The user’s dataset, comprising 50–100 high-quality 640x640 images with 80% medium close-ups, consistent front lighting, and green-screen backgrounds, was deemed optimal for facial training. Yet, despite achieving strong body and clothing fidelity, WAN-based LoRAs consistently failed to reproduce accurate facial features. The user experimented with learning rates (1e-4), network dimensions up to 64, alpha values of 32, dropout rates of 0.1, and even varied captioning strategies—including unique tokens and gendered names—without success. In contrast, the same dataset produced excellent facial fidelity when trained with Hunyuan Video, suggesting the root cause lies not in data quality but in model architecture or training dynamics.
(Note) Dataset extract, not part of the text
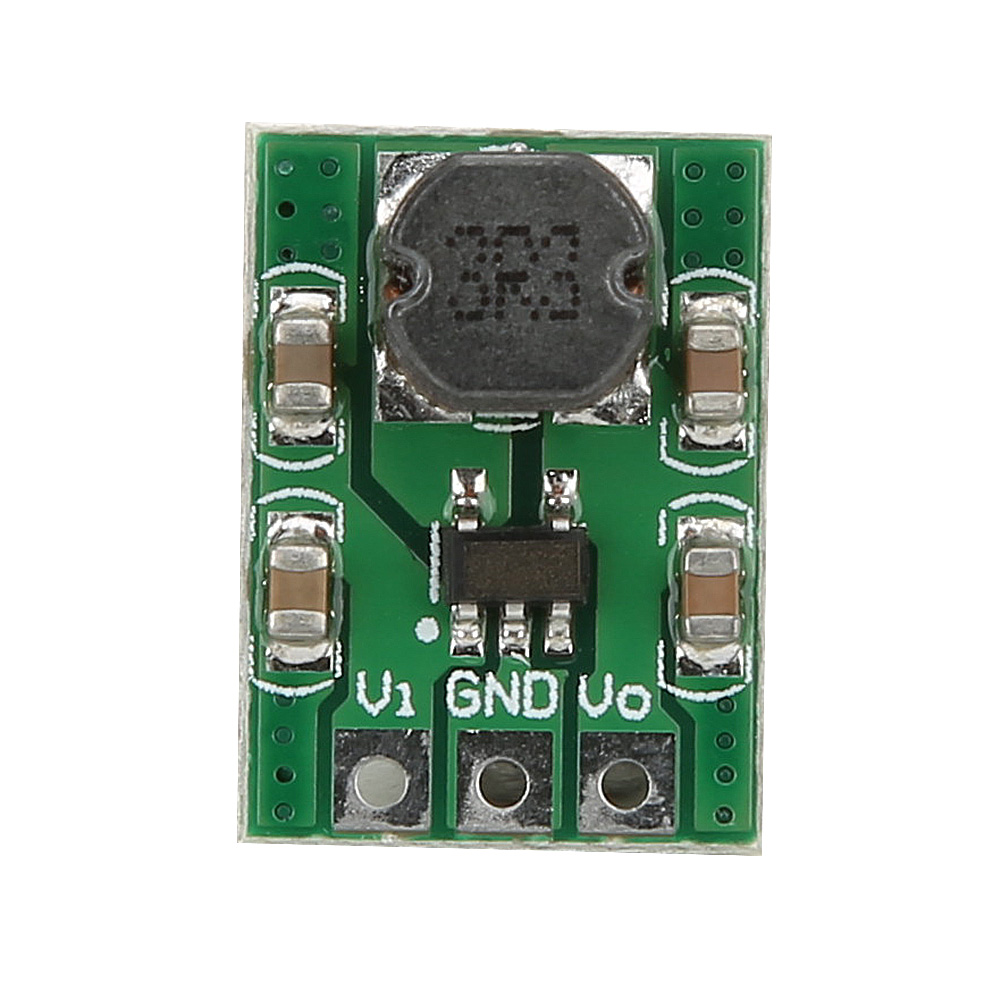 2 Stück Abwärtswandler Dc Dc Eingang 3,3-5,5 V Auf 3,3 V 18650 Lithium-batterie Abwärtswandler Nd0533ma (ohne Pin)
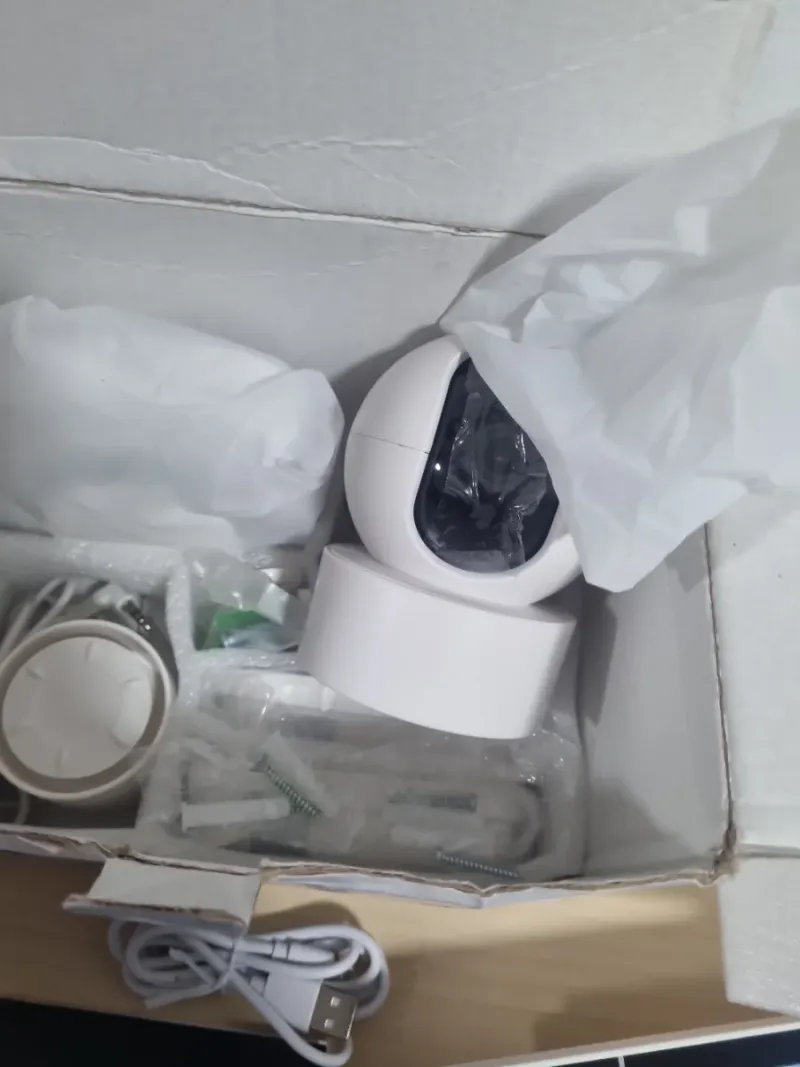 Sistema Alarma Inteligente 4G WiFi GSM Tuya afbeelding 6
Experts in generative AI training suggest that WAN’s underlying diffusion architecture, particularly its transformer-based Dit (Diffusion Transformer) backbone, may prioritize global coherence over fine-grained facial detail during the training process. Unlike Hunyuan, which was explicitly optimized for human-centric video generation with enhanced attention mechanisms on facial regions, WAN’s primary design goal is text-to-video consistency across broader temporal sequences. This architectural bias may cause the model to allocate fewer latent resources to facial feature reconstruction, even when LoRA adapters are applied. As noted in similar contexts of fine-tuning challenges, models with broader objectives often underperform on narrow, high-fidelity tasks unless explicitly constrained or guided.
Further analysis reveals that WAN’s use of flux-shifted timesteps and discrete flow shift (1.0) may inadvertently smooth out high-frequency facial details during the denoising process. These techniques, beneficial for motion coherence in video generation, can suppress subtle texture variations critical for identity preservation. Additionally, the user’s use of gradient checkpointing and bf16 mixed precision, while memory-efficient, may reduce numerical precision in gradient updates for small, localized features like eyes, nose contours, and skin texture—areas where Hunyuan’s training pipeline likely retains higher fidelity.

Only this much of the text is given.